Here I Am, Back Again, J.J.’s Back, Tell a Friend

19 05 2012

 

Guess who’s back, guess who’s back…Okay, I’ll stop now. No more early 2000 music references. …did that song come out in the early 2000s? I don’t remember. ::goes to check:: Yes it was. Okay. Anyway.

Down fourteen pounds! WOO! And in typical American fashion, how did I celebrate?

With fried chicken, French fries, and chocolate ice cream.

But I’m back on track today. It’s eight thirty and I still have ten points. …I will probably have a frozen peach cup. (Which make good snacks, actually. Get the ones in light syrup, not the regular kind, and freeze them, and it’s a good substitute when you want something cold.)

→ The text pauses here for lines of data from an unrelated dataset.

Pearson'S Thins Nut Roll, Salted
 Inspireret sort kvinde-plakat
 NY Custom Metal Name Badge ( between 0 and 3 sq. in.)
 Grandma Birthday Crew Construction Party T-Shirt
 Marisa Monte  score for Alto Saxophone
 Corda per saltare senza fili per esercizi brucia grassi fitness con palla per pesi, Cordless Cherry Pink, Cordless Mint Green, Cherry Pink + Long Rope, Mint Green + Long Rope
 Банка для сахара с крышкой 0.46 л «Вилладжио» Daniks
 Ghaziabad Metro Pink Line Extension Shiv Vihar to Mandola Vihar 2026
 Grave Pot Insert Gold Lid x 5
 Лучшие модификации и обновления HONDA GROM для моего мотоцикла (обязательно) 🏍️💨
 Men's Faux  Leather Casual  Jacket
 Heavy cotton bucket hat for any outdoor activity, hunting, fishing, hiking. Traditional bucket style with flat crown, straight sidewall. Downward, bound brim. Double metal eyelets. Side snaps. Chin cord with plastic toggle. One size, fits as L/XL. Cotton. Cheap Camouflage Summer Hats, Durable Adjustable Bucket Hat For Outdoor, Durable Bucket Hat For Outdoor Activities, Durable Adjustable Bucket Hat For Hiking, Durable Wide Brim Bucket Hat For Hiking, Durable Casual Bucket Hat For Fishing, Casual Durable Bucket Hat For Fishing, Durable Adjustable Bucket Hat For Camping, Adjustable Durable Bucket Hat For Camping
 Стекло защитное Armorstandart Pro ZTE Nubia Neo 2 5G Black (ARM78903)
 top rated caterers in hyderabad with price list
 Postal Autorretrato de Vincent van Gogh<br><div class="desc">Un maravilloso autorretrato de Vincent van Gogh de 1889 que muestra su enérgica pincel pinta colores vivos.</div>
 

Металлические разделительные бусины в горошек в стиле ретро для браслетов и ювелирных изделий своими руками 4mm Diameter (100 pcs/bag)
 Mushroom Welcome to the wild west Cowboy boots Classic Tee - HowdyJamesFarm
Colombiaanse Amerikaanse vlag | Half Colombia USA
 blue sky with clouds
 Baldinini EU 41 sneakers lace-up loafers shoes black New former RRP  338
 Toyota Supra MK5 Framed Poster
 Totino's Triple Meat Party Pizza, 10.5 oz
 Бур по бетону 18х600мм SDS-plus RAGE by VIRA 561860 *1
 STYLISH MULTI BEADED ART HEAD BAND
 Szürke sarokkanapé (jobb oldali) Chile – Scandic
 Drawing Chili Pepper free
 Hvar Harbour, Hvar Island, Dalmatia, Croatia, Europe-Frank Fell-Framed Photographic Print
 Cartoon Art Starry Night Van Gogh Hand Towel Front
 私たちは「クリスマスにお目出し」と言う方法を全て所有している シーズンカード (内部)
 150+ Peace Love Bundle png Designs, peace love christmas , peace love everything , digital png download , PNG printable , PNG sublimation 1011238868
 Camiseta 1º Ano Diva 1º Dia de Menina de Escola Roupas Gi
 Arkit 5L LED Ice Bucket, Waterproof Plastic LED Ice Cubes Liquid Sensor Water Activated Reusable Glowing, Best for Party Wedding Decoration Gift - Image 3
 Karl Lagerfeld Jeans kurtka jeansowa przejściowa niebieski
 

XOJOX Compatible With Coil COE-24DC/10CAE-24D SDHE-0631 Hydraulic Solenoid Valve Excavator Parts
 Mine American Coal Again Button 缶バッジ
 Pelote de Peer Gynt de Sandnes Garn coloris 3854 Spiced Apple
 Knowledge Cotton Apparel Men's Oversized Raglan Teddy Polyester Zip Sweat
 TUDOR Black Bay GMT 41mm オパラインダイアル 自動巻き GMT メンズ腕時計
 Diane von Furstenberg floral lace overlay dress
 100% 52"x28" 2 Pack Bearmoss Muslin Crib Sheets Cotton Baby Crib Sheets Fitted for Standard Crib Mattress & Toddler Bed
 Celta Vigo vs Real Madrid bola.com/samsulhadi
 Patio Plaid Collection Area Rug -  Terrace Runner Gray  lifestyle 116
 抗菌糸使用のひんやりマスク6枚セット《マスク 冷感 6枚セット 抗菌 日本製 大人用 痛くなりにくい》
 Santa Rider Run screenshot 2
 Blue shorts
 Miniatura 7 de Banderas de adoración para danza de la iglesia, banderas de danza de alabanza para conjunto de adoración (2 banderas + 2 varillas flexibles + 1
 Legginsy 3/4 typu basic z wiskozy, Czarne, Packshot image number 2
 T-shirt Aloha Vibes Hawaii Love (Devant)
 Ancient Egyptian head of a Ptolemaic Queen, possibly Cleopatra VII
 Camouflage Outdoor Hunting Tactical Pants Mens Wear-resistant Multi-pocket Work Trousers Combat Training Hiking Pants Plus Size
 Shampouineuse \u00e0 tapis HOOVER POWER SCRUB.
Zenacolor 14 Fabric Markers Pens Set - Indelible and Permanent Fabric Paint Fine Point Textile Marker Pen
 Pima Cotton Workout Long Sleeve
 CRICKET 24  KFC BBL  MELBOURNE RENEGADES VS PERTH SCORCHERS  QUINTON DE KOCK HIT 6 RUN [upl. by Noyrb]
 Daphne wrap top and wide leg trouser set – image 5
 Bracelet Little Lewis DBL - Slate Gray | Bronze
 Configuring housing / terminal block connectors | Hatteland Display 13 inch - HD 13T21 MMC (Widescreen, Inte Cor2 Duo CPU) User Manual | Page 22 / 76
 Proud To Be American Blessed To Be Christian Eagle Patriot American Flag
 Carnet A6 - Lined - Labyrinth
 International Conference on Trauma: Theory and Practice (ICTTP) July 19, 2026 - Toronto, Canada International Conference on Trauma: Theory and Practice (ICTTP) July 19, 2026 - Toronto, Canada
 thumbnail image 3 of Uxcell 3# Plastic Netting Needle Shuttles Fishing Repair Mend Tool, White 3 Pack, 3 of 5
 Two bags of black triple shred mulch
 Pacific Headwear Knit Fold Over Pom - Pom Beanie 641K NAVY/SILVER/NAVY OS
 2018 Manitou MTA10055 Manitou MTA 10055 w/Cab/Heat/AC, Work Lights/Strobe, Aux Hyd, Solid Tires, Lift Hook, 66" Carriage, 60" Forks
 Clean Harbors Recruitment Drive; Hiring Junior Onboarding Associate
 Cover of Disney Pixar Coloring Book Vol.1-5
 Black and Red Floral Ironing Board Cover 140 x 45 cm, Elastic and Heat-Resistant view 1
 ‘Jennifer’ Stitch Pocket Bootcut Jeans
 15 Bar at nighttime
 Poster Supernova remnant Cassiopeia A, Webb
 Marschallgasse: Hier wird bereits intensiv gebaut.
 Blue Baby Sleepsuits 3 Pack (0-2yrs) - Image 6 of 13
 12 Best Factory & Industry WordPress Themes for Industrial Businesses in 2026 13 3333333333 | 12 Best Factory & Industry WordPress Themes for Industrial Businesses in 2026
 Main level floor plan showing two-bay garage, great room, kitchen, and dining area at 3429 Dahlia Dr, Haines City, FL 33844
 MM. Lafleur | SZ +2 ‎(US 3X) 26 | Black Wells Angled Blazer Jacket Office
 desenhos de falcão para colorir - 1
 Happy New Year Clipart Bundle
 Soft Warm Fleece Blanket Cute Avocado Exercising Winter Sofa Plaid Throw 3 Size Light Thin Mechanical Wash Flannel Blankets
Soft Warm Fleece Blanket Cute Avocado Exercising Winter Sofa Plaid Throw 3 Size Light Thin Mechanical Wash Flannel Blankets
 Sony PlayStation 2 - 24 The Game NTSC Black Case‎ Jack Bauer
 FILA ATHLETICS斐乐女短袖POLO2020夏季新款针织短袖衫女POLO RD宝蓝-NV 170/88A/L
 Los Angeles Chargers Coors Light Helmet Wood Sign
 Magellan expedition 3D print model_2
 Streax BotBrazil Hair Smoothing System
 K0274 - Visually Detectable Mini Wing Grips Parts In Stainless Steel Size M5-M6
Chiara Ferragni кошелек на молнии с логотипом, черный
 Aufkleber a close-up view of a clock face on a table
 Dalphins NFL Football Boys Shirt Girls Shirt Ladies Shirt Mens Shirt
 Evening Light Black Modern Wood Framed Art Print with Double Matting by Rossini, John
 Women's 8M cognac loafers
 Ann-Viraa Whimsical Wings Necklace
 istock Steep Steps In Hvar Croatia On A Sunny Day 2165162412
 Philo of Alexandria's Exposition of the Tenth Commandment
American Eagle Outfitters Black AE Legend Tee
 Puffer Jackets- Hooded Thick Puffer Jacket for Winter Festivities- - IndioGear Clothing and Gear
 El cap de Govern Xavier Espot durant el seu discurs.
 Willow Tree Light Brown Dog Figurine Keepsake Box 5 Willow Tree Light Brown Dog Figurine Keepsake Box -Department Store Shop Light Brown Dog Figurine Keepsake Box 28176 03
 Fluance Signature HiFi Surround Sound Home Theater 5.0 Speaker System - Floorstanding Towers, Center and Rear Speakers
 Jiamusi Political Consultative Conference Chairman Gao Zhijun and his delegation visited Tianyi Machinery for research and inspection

I also started getting SELF magazine, which I like, partly for the different exercises. I tend to get stuck in exercise ruts. And there’s a recipe in this month’s issue that I want to try, with salmon. (I found out from weight watchers that wild salmon is better for your than farm raised because its muscle tone is better, that farm raised has more fat. But since wild is twice as expensive, I think I’ll be sticking with farm raised unless it’s on sale.)

And tomorrow is my first…5K! I’m actually really excited. I wanted A to come with, but due to his history with smoking he was all ‘Pass’, but I’m still going. I hope I can finish it. I mean, I can walk two miles, and I don’t have to run it, but still.

 

I can’t tell where A and I are at all. It’s like we’re heading towards each other without a sure sense of direction, or if both of us want to keep on going. Maybe that’s just me. I don’t know if I’m looking for a romantic ideal that doesn’t exist and I don’t want to settle for reality, or if I think there’s something better out there. But I think less of myself, if that’s true. I mean, you’re not supposed to be looking past your partner, just in case say, Misha Collins turns up sans his beloved wife and wants to go out. What does that say about me, if I keep an eye out for someone else while I keep my arms around him?